From: John Darrington
Subject: Re: interactions
Date: Mon, 16 Apr 2007 11:10:43 +0800
User-agent: Mutt/1.5.9i

If we were to follow approach 2, am I right in thinking that the 
'interaction' data structure could be as large as the number of 
cases in the casefile?  If so, I think that approach 2. would become
unworkable for very large casefiles.

On the other hand, approach 1 sounds attractive, but there are things
that need to be considered:

 a) They'd have to be a special class of variable, which would not
 normally be displayed, written to system files etc.  So a new 
 enum dict_class  entry in variable.h  would be required. 

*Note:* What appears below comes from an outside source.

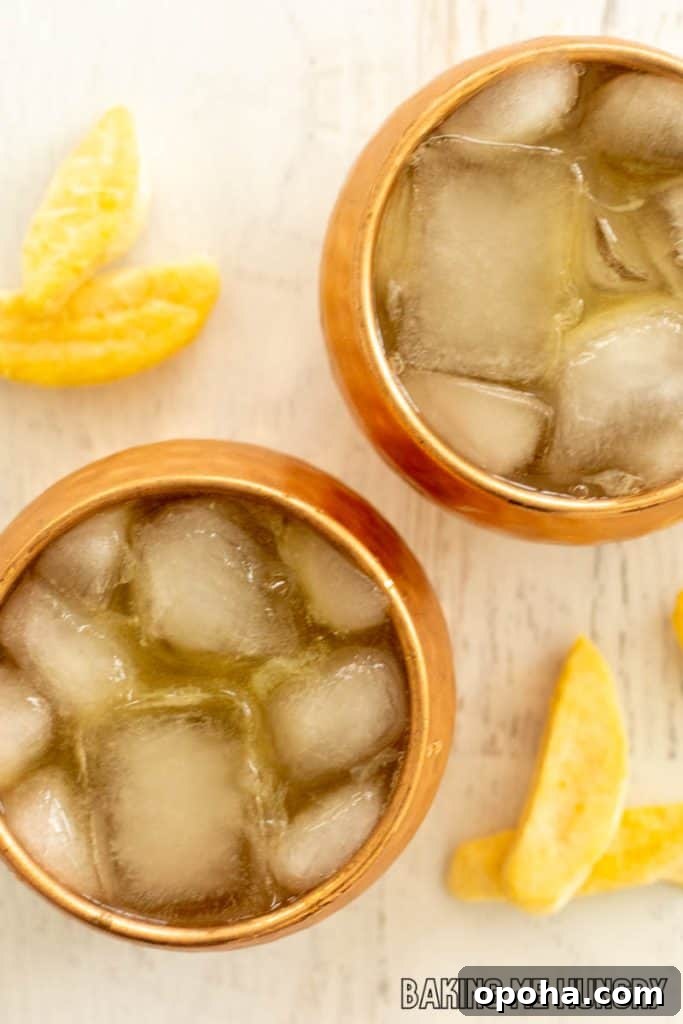 Mango Mule Mocktail Recipe: Refreshing Non-Alcoholic Cocktail 6 close up of mango mule mocktail in copper mugs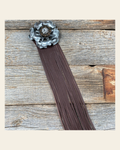 Leather Silver Gardenia with Brown Fringe on a warm cream background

 b) I'm not sure how  existing code would deal with these
 'invisible' variables.  For example many procedures might iterate 
  through all the variables.  So dict_get_var_cnt might have to
  take a parameter so that we'd know if we were interested in
 'interaction' variables or not.

 c) Presumably it's not just the dictionary that needs modifying.
 When you add new interaction, you also need to add values for the
 variables into the casefile?  That involves running a procedure.  
 What I did for RANK was to create a temporary variable, which was an
 illegal name in pspp syntax, and delete it afterwards.
 
J'


On Sun, Apr 15, 2007 at 03:06:17PM -0400, Jason Stover wrote:
     To have a glm procedure, pspp needs a data structure to handle
     interactions. An interaction can be thought of as another variable
     which is a function of two or more variables, usually categorical,
     like this:
     
          Variable 1            Variable 2        Interaction
              A                    B                 AB
         E                 B                 EB
         A                 C                 AC
         E                 C                 EC
         
     
     ...etc. The interaction term could be created in one of two ways:
     Either 1) create a new variable in the dictionary that corresponds to
     the interaction, or 2) create a new 'interaction' data structure
     that contains all necessary mappings between existing variables and
     the value of the interaction.
     
     Approach 1 would add a variable to the dictionary, but would not
     create any more observations in the data set. It would make coding any
     procedures that use interactions easier than approach 2, because doing
     so would mean the procedure doesn't need to know about much special
     code to handle interactions. It would also prevent the need for having
     any more obscure string-values-to-binary-vector code like that in
     category.[ch]. Approach 1 would still require the creation of some
     code to create the interaction, though it may not require the creation
     of a specialized "interaction" data structure to be available for use
     by all procedures.
     
     Approach 2 doesn't require adding anything to the dictionary, but it
     does mean that any procedures that need to use interactions would have
     to create those interactions themselves. These interactions would
     therefore be lost after the procedure exits, meaning that any other
     procedure that needs interactions would have to recreate
     them. Approach 2 also means writing more code that partly duplicates
     the code already in category.[ch].
     
     I favor approach number 1, but before I fiddle with the
     dictionary, I thought I should ask.